Bu durumda, istinaf kanun yoluna başvuranın dilekçesinde yer verdiği itirazların açıklanan gerekçe ışığında yerinde olmamasına, kararda kamu düzenine ilişkin bir aykırılık bulunmamasına, kararının usul ve esas yönünden hukuka uygun olmasına göre, duruşma açılmasına gerek görülmeyerek Hukuk Muhakemeleri Kanunu’nun 353/1-b-1 maddesi gereğince istinaf başvurusunun esastan reddine karar verilmesi gerekmiştir.

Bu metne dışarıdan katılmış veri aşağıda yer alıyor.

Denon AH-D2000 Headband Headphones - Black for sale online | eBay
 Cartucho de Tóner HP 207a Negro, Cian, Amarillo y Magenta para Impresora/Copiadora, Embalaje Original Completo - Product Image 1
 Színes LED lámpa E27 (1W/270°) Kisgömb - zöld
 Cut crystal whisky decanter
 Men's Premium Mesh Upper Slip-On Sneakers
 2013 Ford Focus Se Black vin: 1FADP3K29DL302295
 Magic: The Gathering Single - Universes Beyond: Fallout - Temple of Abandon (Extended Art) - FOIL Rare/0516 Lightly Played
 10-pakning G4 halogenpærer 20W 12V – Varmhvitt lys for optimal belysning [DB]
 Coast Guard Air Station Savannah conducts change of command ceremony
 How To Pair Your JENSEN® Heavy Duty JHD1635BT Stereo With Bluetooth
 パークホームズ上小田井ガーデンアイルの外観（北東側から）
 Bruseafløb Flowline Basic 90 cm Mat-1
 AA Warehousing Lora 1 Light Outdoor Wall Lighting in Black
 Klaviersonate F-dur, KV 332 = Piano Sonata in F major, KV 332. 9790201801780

HÜKÜM : Yukarıda açıklanan nedenlerle;
1-Davacı vekilinin istinaf başvurusunun Hukuk Muhakemeleri Kanunu’nun 353/1-b-1 maddesi uyarınca ESASTAN REDDİNE,
2-Davacı yönünden istinaf karar harcı olan 59,30 TL peşin alındığından yeniden alınmasına yer olmadığına,
3-İstinaf başvurusu nedeniyle davacı tarafından yapılan giderlerin kendi üzerinde bırakılmasına,
Dosya üzerinden yapılan inceleme neticesinde, HMK’nın 362/1-a maddesi uyarınca miktar itibariyle kesin olmak üzere 23.06.2021tarihinde oy birliğiyle karar verildi.